This paper has the title “Is traditional teaching really all that bad?” and is by Schwerdt and Wuppermann makes clear that this paper sets out to show it isn’t. And without this paper I would have said the same thing. Simply because I wouldn’t deny that ‘direct instruction’ has had a rough treatment in the last decades.
There are several versions of this paper on SSRN and other repositories. The published version is from ‘Economics of Education Reviw’, and this immediately shows why I have included it. In the advent of economics papers some have preferred to use this paper rather than a more sociological, psychological or education research approach.

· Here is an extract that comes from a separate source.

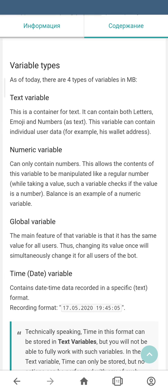In this way if you change the value of this variable it will be changed for all users at the same time, because the value will be taken from the same place.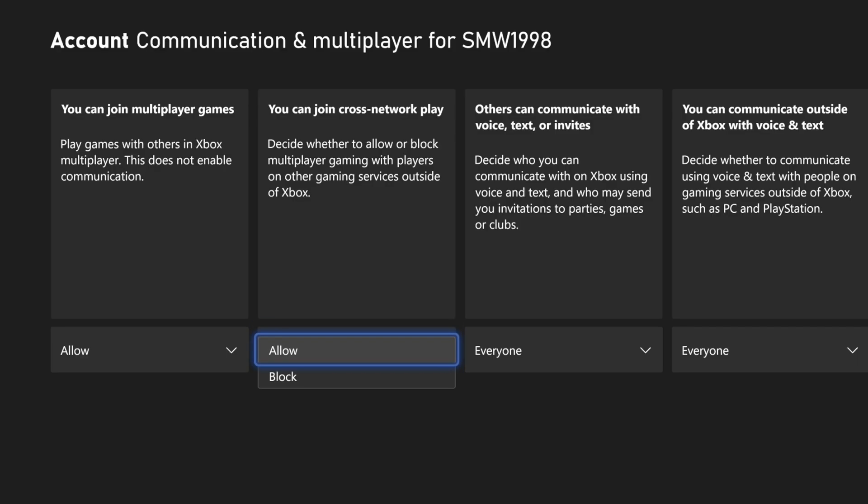You might now want to have a look at the other settings on this page, for example options that relate to communication outside the Xbox network.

The literature review is, as often the case in my opinion in economics papers, a bit shallow. The study uses TIMSS 2003 year 8 data (I don’t know why they didn’t use 2007 data).

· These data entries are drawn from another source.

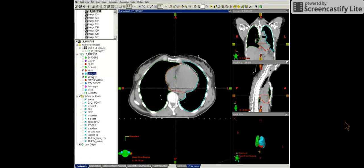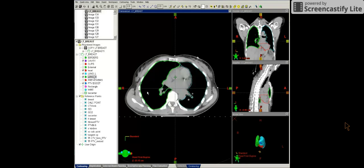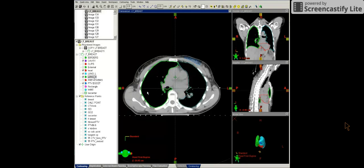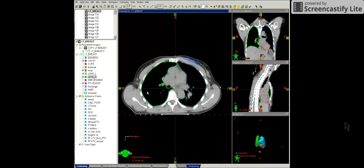So contours that we use for 3D breast planning is the heart, the lungs, cavity, and the PTV boost. And this concludes the contours needed for 3D breast planning.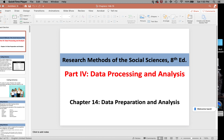This is the last lecture. We're going to cover chapter 14 and 15, data preparation and analysis, and some of the ideas behind statistics and why you need to learn them if you're going to be a research psychologist.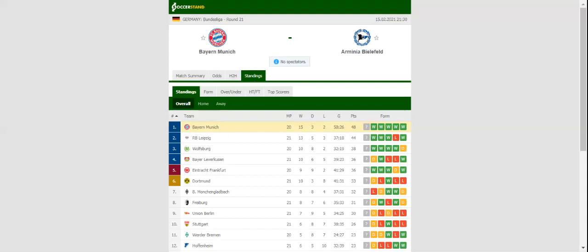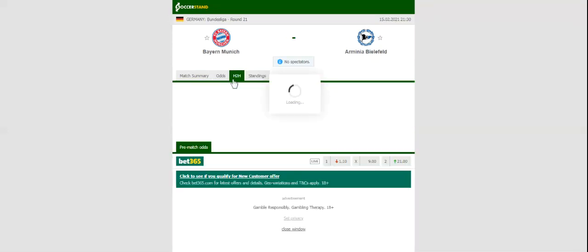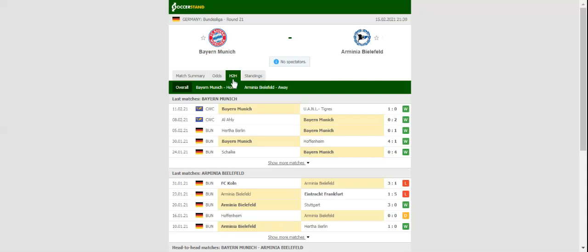But Leipzig will be looking to extend their winning run in the Bundesliga to three games when they take on Augsburg at Red Bull Arena.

I find the wording “We standardize the test scores for each subject to be mean 0 and standard deviation 1.” a bit strange because the TIMSS dataset, as in later years, does not really have ‘test scores per subject’ because subjects do not make all the assessment items.
(link)Instead, there are five so-called ‘plausible values’. Not using them might underestimate the standard error, which might lead to results being significant more swiftly. This variable is the outcome, another variable is the question 20.
The distinction between instruction and problem solving are based on three of these items: b is seen as direct instruction, c and d together problem solving (note that one of course does mention ‘guidance’). There is an emphasis on ‘new material’ so I can see why these are chosen. Of course the use of percentages means that an absolute norm is not apparent, but I can see how lecture%/(lecture%+problemsolving%) denotes a ratio of lecturing. The other five elements are together used as control. Mean imputation was used (I can agree that imputation method probably did not make a difference) and sample weights (also good, contrary to no plausible values).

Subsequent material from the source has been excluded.